Family run butchers Asahiya have been selling ‘Extreme’ Kobe beef croquettes for the past 20 years at a loss, and now have a 30 year waiting list for the meat snack
A particular Japanese delicacy is so popular you'll finally get your hands on a box in 2052 if you order today.
The 'Extreme' Kobe beef croquettes from family-run butchers Asahiya are arguably the most famous croquettes in the world.
The miniature treats are said to be incredibly moreish and fresh, using only the freshest ingredients from the local area.
For the past 96 years the family has been selling high quality meat snacks from their shop in western Japan's Hyogo Prefecture, and began making deep-fried potato and tender cow meat dumplings after WWI.
In 1999 Asahiya opened an online store to sell their products, only to find that people were unsure about paying top yen for beef, even if it was high quality.
Shigeru Nitta, who is the third-generation owner of Asahiy, decided to sell the locally sourced, hand-made croquettes as a loss leader, to try and give people a taste for the food and turn them into loyal customers.
"We sold Extreme Croquettes at the price of JPY270 ($£1.64) per piece… The beef in them alone costs about JPY400 (£2.42) per piece," Nitta told CNN.
"We made affordable and tasty croquettes that demonstrate the concept of our shop as a strategy to have customers enjoy the croquettes and then hope that they would buy our Kobe beef after the first try."
So as not to lose too much money, the butchers only made 200 croquettes each week.
The reason they're so expensive – and possibly so delicious – is they are made fresh each day with meat from three-year-old female A5-ranked Kobe beef, as well as potatoes sourced from a local farm.
When a newspaper wrote about the croquettes in the early 2000s, they went viral.
Earlier this year one Japanese woman, who goes by @hayasino on Twitter, got her order of croquettes after waiting nine years for them.
She said she had put her order in on put in her order on September 8, 2013, and that it had been slightly delayed by a bad crop of the Red Andes potatoes that are used in them.
During the nine years she waited @hayasino had moved to Tokyo and got married twice, yet the croquettes still found their way to her, she said.
In 2016 Nitta stopped adding people to the waiting list as it was now longer than 14 years, only to reopen it in 2017 after huge demand.
Asahiya resumed accepting orders for these croquettes in 2017 but raised the price.
Even with 1,400 croquettes flying off the shelves each week, if you sign up now, you won't get your hands on a box for another 30 years.
Each box of Extreme Croquettes includes five pieces and costs JPY2,700 (£16.37).
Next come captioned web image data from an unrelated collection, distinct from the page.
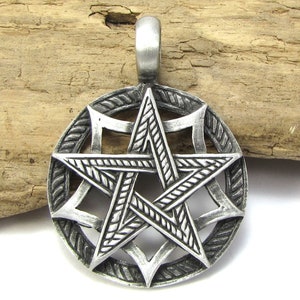 May include: A silver-toned pendant featuring a five-pointed star with intricate details. The star is surrounded by a circular frame with a rope-like design.
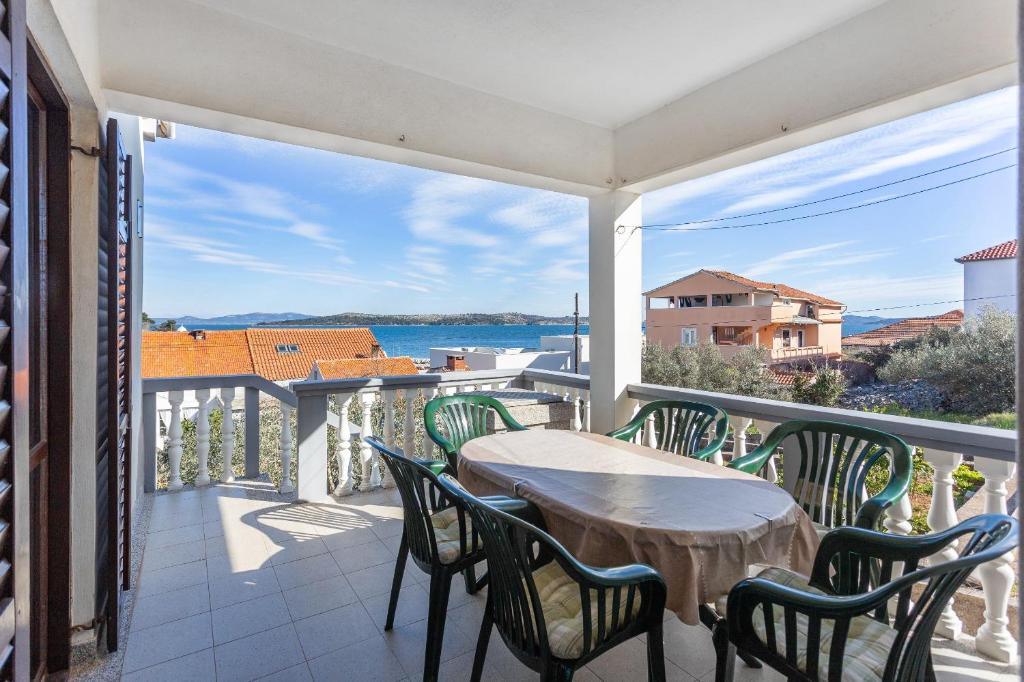 einen Balkon mit einem Tisch und Stühlen sowie Blick auf das Wasser in der Unterkunft Holiday home Milka - in center & close to the sea in Sali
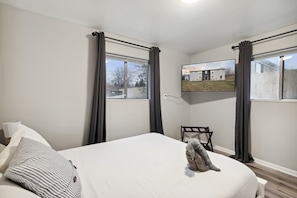 A bedroom with a bed, curtains, a chair, and a television on the wall.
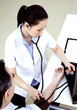 Photo: Doctor measuring blood pressure Doctor measuring blood pressure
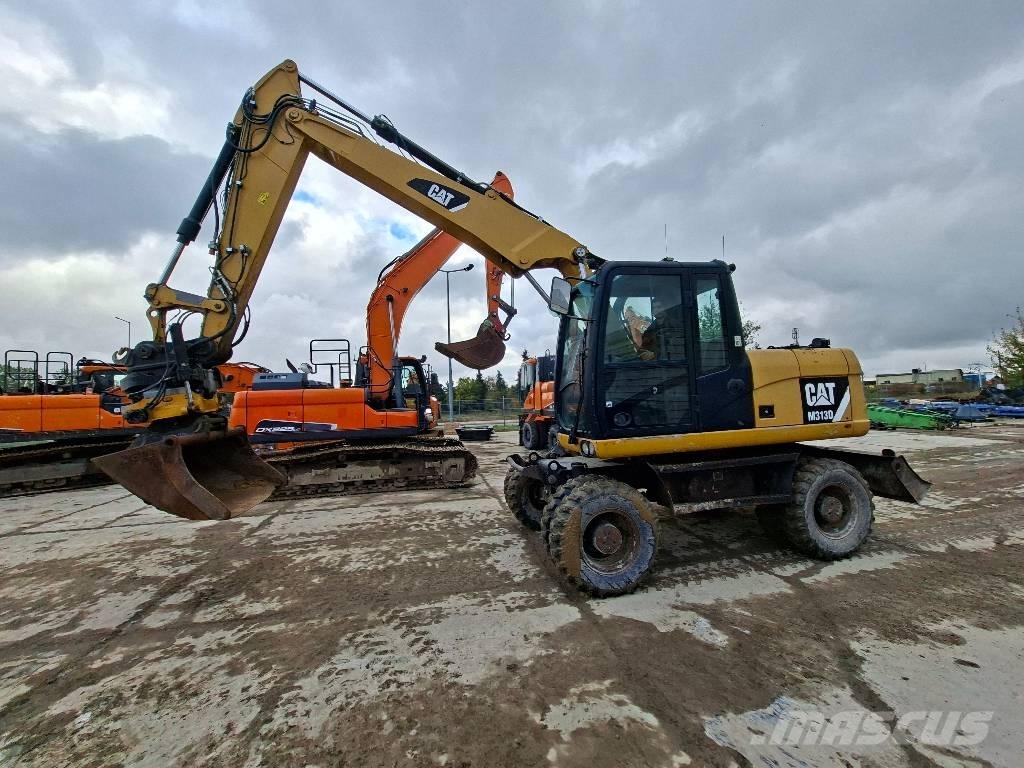 CAT M313D Gumikerekes kotrók
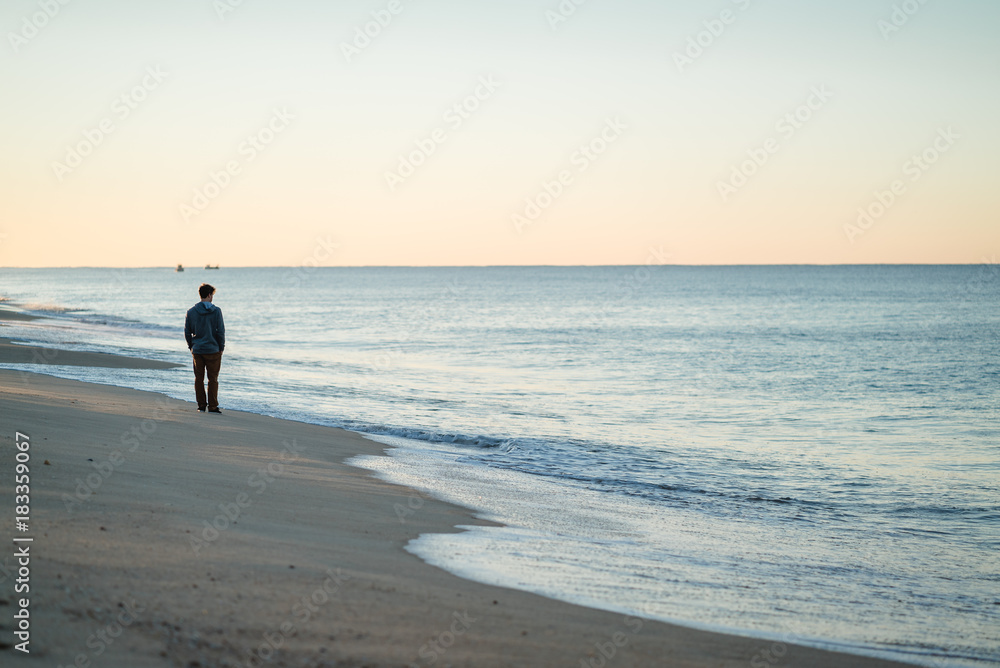 Man watching the sunrise and walking around on the beach in Portugal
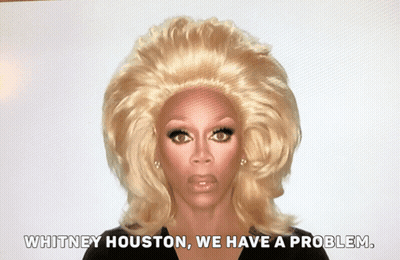 Woman In Wig Saying Whitney Houston We Have A Problem GIF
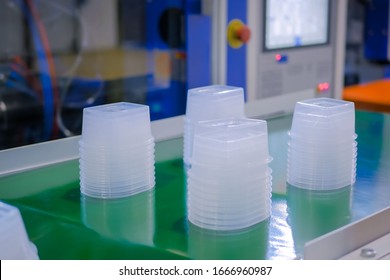 Stack Of Polypropylene Food Containers On Conveyor Belt Of Automatic Plastic Injection Molding Machine At Fabric, Exhibition, Trade Show. Manufacturing, Industry, Automated Technology Concept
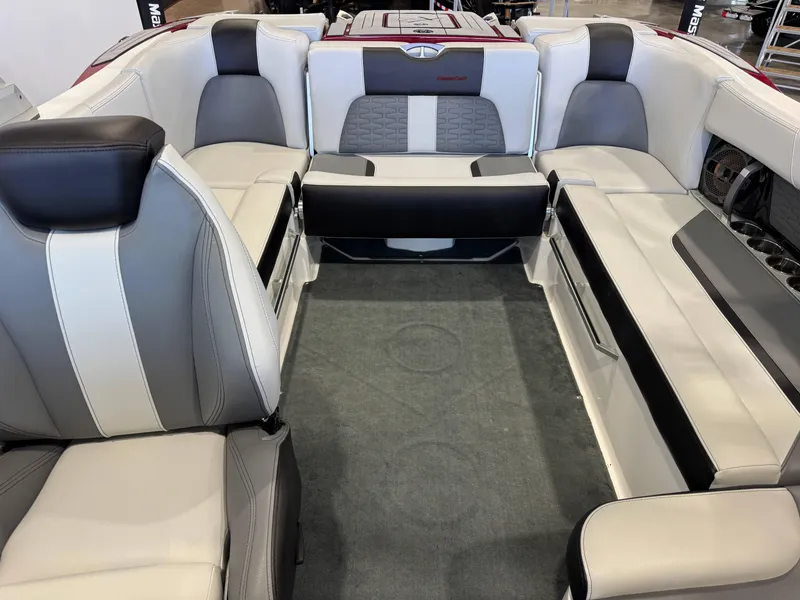 Slide: The Image of 2019 MasterCraft X22 boat interior with luxurious seating and modern design. - 21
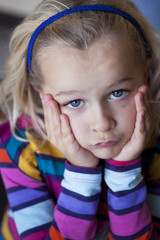 Sulky little girl with head in hands - obrazy, fototapety, plakaty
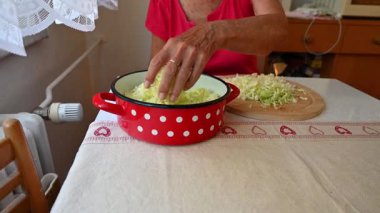 Mutfakta sebze doğrayan ve hazırlayan bir kadın. Yemek ve yemek hazırlama kavramı.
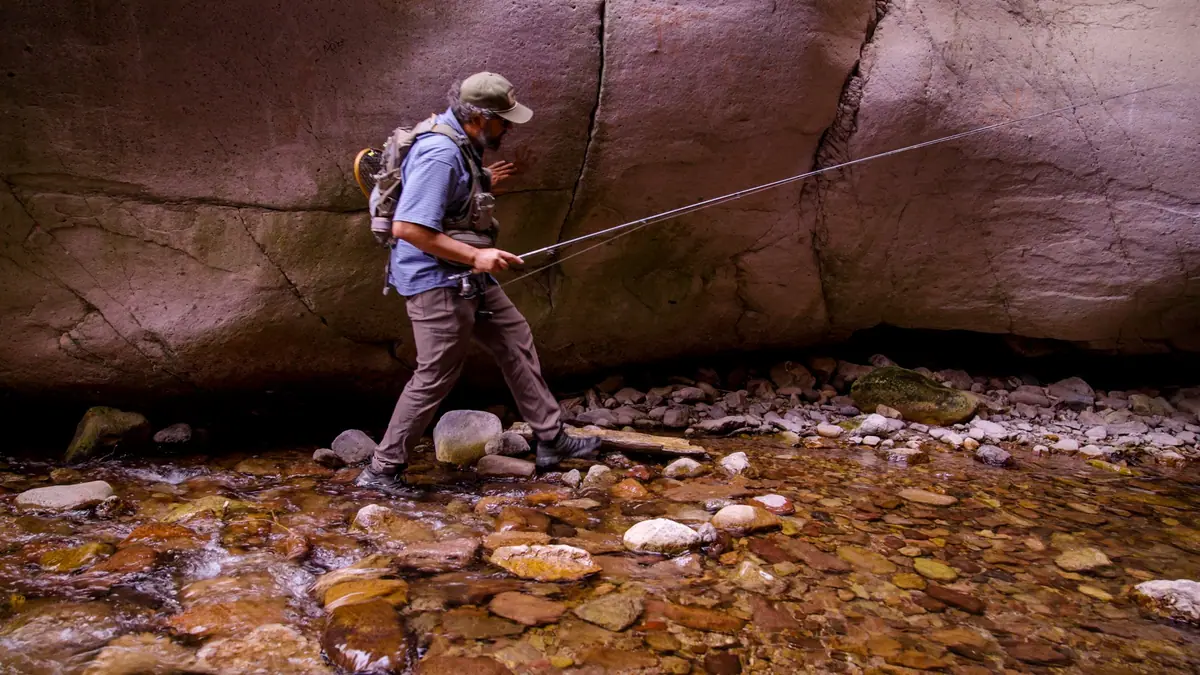 Josh Crumpton wading a canyon creek with a fly rod on the Gila in No Small Water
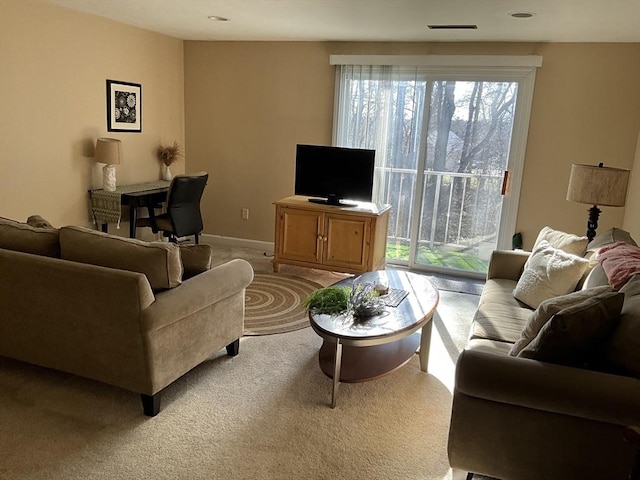 living room featuring visible vents, baseboards, and light colored carpet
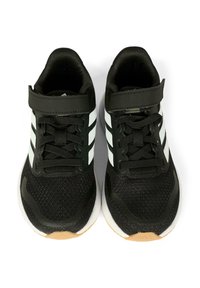 Zwarte sportschoenen van meshmateriaal, met witte strepen en een klittenbandsluiting. Ronde neus en rubberen zool met een gestructureerde grip.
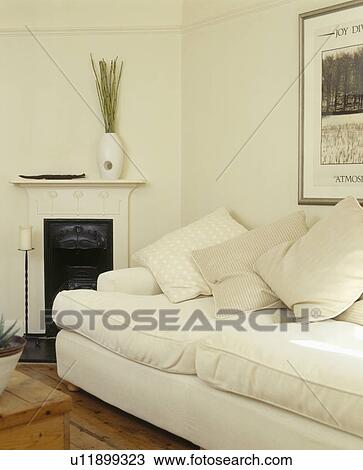 Cream sofa in cream country living room View Large Photo Image Stock Image - Cream sofa in cream country living room. Fotosearch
Those on the list receive a regular email newsletter telling them how long it'll be before their box arrives.
To order, click here.
A recent poll of 2,000 people found that six in ten UK holidaymakers only go abroad because of the food.
While that may make sense when thinking about a delicious, crispy, deep fried croquette, sometimes the appeals of global cuisine are less obvious.
When the Mirror asked its reporters what the strangest things they had eaten were, there were some stomach turning answers.
Nigel Thompson, the paper's Travel Editor, has tucked into rattlesnake fritter and bison testicles in Texas, jellyfish in Hong Kong, and whole baby frogs in Thailand.
Stephen Jones, an editor, added: "Kung Ten in Thailand – translates as 'dancing shrimp' (it's LIVE PRAWNS ).
"Quite delicious actually. The idea is you get a ball of sticky rice and gather them up and try to get them into your stomach without them flipping on to the back of your throat and making you gag!"